L'eccellenza (infelice) degli studenti coreani

Lo studente coreano ha un solo obiettivo: eccellere. Mai abbassare la guardia, mai smettere di memorizzare nozioni e informazioni, mai prendersi una pausa dallo studio. La riforma dell’educazione coreana (Corea del Sud), sintetizzata in una recente pubblicazione dell’Ocse non lascia spazio a dubbi: l’istruzione è un investimento sicuro per il Paese, ne assicura la crescita e quindi il futuro. “La rapida espansione di istruzione in Corea è eccezionale e ha giocato un ruolo chiave nel suo sviluppo economico – si legge nel rapporto - Sostenere il potenziale di crescita della Corea di fronte a venti demografici contrari richiede ulteriori sforzi per migliorare il sistema educativo e rilanciare la crescita della produttività”. I risultati si vedono: negli ultimi test Pisa, che ogni tre anni valutano i livelli di matematica, lettura e scienza degli studenti di 65 Paesi, i coreani risultano tra i migliori. 

Eccellenza scolastica, ma a che prezzo?
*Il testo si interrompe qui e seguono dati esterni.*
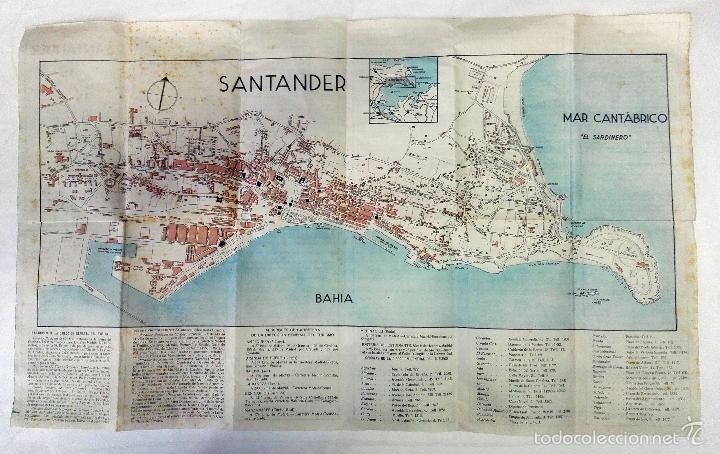 Folhetos de turismo: Plano guia de Santander, a&ntilde;os 40. Editado por la Junta Provincial de Turismo.Mucha informaci&oacute;n local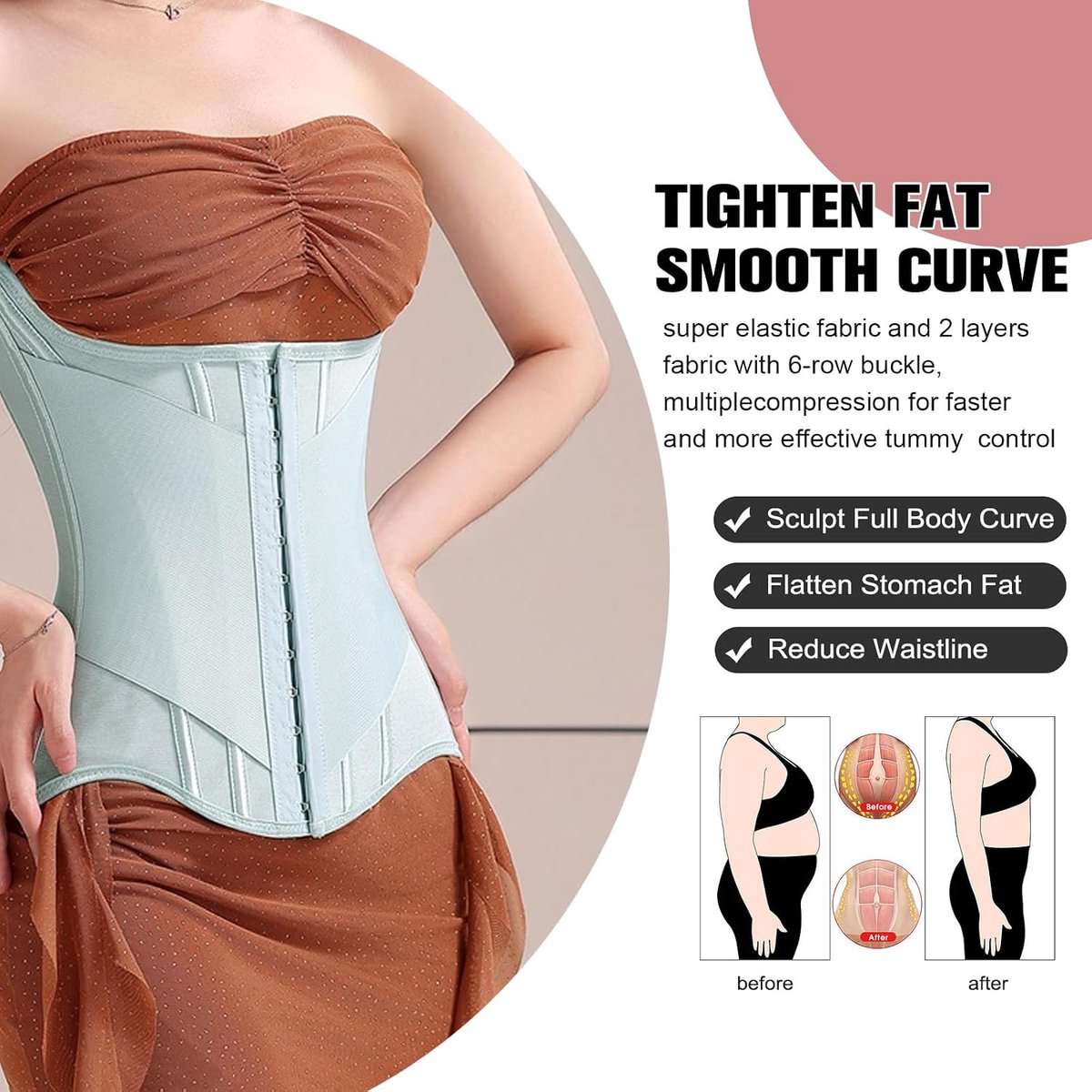 Korset voor dames, buikweg, tailletrainer dames, fitness, tailletrainer, buikwegriem, U-vormige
Se è vero che gli studenti raccolgono straordinari successi, è vero anche che, sempre secondo uno studio Ocse, risultano essere i più infelici (figura 3.1.2). Nel 2011, in un articolo pubblicato dal Time, dal titolo Teacher, leave those kids alone, Amanda Ripley parlava di “masochismo formativo” raccontando la storia incredibile delle ronde negli hagwon (istituti privati di ripetizione) di Seoul effettuate dagli ispettori del Ministero per scovare (e costringere a una pausa) gli studenti ancora impegnati nello studio dopo le dieci di sera. Un tentativo di arginare il problema del ‘troppo studio’. 

Studio, esame. Studio, esame. Studio, esame. E così via, senza sosta. “I curricula scolastici sono pesantemente regolamentati dal College scholastic aptitude test (Csat). Con una prova a risposta multipla determinante per l'ammissione all'università – si legge nella relazione dell’Ocse - Anche gli esami alle superiori, generalmente due volte a semestre, giocano un ruolo importante. Uno studio ha calcolato che, per riuscire a superarli, gli studenti dovevano memorizzare da 60 a 100 pagine di nozioni per ogni esame. Il focus sui test a risposta multipla dà un valore particolare all'apprendimento delle nozioni, il che è coerente con la tradizione asiatica di insegnamento, dominata dal trasferimento di informazione da insegnante a studente”.

Ma quanto serve davvero “imparare a memoria” un numero così elevato di nozioni? A lungo termine, quanto resta delle informazioni memorizzate? Memoria e apprendimento viaggiano sempre insieme? A rispondere è Cesare Cornoldi, professore di Psicologia generale all’università di Padova, esperto in materia di memoria e apprendimento: “Indubbiamente una regola aurea per mantenere molte informazioni in memoria è quella di apprenderle in maniera significativa usando il meno possibile la ripetizione meccanica”, spiega. “Questa constatazione, suffragata da numerosissimi studi, non contrasta però con l'osservazione che esercizi di memoria possano aiutare la mente a sviluppare strategie efficaci”.

Nel gennaio 2014 L’Espresso pubblicò “Caro nipote, studia a memoria”, la lettera con cui Umberto Eco si raccomandava di “esercitare sempre la memoria” per popolare la testa di “personaggi, storie, ricordi di ogni tipo”. Sacrosanto, soprattutto perché, in quel caso, si faceva riferimento anche alla memoria storica e alla conseguente elaborazione di una opinione personale e un pensiero critico “su quello che è accaduto prima che tu nascessi”. 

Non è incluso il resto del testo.